In Italia, oltre ad essere una delle più frequenti causa di incidente, l’uso improprio del cellulare rappresenta anche una delle violazioni del Codice della Strada più sanzionate. La legislazione vieta di utilizzare apparecchi radiotelefonici, cuffie sonore e telefonini che richiedano l’uso della mano destra o sinistra, mentre consente l’uso del cellulare con auricolari e viva voce al conducente che abbia normali capacità uditive.
È noto, dunque, che tenere lo smartphone all’orecchio per parlare riduce la presa sul volante o sul manubrio della moto e il controllo del mezzo. Ma non è tutto. Secondo gli autori del paper su Psychonomic Bulletin & Review, infatti, parlare al cellulare o interagire attivamente con un passeggero presente in macchina – un’attività che sembrerebbe senza costi per una corretta guida – crea di per sé un lavoro per il cervello, che deve assorbire informazioni. Quando il soggetto, intento nella conversazione, viene sollecitato da un nuovo stimolo, come la comparsa di un nuovo oggetto o di un ostacolo nella guida, si verificherebbe un ritardo di risposta, pari al tempo necessario per disimpegnarsi dalla prima azione e concentrarsi sulla sollecitazione sopraggiunta.
Per studiare il fenomeno, gli autori dello studio hanno selezionato un gruppo di volontari, che dovevano ascoltare e rispondere ad alcune domande vero/falso, semplici e più complesse. Contemporaneamente, veniva richiesto ai partecipanti di visualizzare un’immagine – dunque un nuovo oggetto visivo – che appariva sullo schermo del computer. I volontari sono stati divisi in tre gruppi: il primo esercitava un ascolto attivo, ovvero doveva comprendere e rispondere alle domande, il secondo gruppo prestava un ascolto passivo, che cioè non prevedeva una risposta alle domande poste, mentre il terzo gruppo guardava soltanto il nuovo elemento sullo schermo senza ricevere alcuna domanda. Fra le domande vero/falso considerate più semplici, “C-3P0 è il nome di un alto robot dorato, presente nel famoso film Star Wars”, mentre fra quelle più complesse “La Magna Carta è stata scritta come un proclama di legge, soggetta alla legge del re”. L’obiettivo dei ricercatori era quello di tracciare il profilo del movimento oculare dei soggetti sottoposti al test, misurando, tramite telecamere ad alta velocità, il tempo impiegato per spostare lo sguardo in direzione del nuovo elemento sullo schermo.
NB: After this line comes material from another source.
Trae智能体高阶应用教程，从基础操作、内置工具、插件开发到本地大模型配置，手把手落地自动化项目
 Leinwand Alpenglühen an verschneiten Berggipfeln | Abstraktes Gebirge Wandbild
Analizzando i risultati dei test, è emerso che ai soggetti a cui era richiesto un ascolto attivo il tempo necessario per disimpegnarsi dalla conversazione e focalizzare lo schermo risultava doppio rispetto a quello impiegato dalle altre due categorie di partecipanti. Il ritardo registrato nell’esperimento è in media pari a circa 100 millisecondi, ovvero un decimo di secondo: un intervallo temporale che, seppure apparentemente molto breve, può avere un impatto sulla capacità di reagire del guidatore e dunque sul rischio di incidenti stradali. Secondo uno studio precedente, la velocità dei riflessi di un conducente giovane intento a una conversazione attiva potrebbe essere paragonabile a quella di un guidatore anziano con declino cognitivo.
La soluzione? Non rispondere al cellulare mentre si guida, per non mettere a rischio la propria vita e quella degli altri. Ma non solo. Un ulteriore step, secondo l’autore Vecera, potrebbe essere quello di non parlare del tutto al telefono quando si guida. Non ci sono prove scientifiche che sia possibile esercitarsi al fine di una conversazione al cellulare che non distragga, aggiunge l’autore, anche se la questione deve essere ancora studiata. Un campo ancora da approfondire, dunque, quello delle sorgenti di distrazione in macchina o in moto, con risultati che potrebbero essere utili agli oltre 49 milioni di guidatori italiani (dato Aci 2015).